> [Work order] Nothing but the lines from the one containing "Obermeyer Weather x" through the final line of the listing should appear in the answer, each exactly as written.

> [Records]
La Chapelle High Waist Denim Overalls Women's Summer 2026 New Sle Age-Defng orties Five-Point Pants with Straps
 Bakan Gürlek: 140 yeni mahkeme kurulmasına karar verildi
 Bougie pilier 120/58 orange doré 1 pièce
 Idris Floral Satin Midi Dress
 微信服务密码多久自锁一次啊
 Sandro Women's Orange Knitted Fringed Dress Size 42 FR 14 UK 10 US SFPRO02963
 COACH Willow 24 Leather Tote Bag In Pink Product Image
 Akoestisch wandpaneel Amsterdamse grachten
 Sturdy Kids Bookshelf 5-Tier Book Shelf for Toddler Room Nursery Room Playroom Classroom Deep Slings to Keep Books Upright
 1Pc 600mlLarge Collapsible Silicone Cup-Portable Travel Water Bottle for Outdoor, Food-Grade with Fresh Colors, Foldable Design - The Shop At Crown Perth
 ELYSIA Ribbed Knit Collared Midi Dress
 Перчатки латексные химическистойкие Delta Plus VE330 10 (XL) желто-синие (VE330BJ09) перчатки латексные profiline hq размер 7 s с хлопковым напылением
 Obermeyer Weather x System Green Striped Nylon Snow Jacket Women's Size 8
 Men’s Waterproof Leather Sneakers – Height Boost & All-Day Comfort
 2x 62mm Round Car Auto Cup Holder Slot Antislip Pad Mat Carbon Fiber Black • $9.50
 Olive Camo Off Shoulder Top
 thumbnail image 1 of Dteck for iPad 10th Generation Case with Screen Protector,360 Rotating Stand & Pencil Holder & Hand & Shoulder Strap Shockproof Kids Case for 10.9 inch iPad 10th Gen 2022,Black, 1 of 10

> [Answer to this problem]
 Obermeyer Weather x System Green Striped Nylon Snow Jacket Women's Size 8
 Men’s Waterproof Leather Sneakers – Height Boost & All-Day Comfort
 2x 62mm Round Car Auto Cup Holder Slot Antislip Pad Mat Carbon Fiber Black • $9.50
 Olive Camo Off Shoulder Top
 thumbnail image 1 of Dteck for iPad 10th Generation Case with Screen Protector,360 Rotating Stand & Pencil Holder & Hand & Shoulder Strap Shockproof Kids Case for 10.9 inch iPad 10th Gen 2022,Black, 1 of 10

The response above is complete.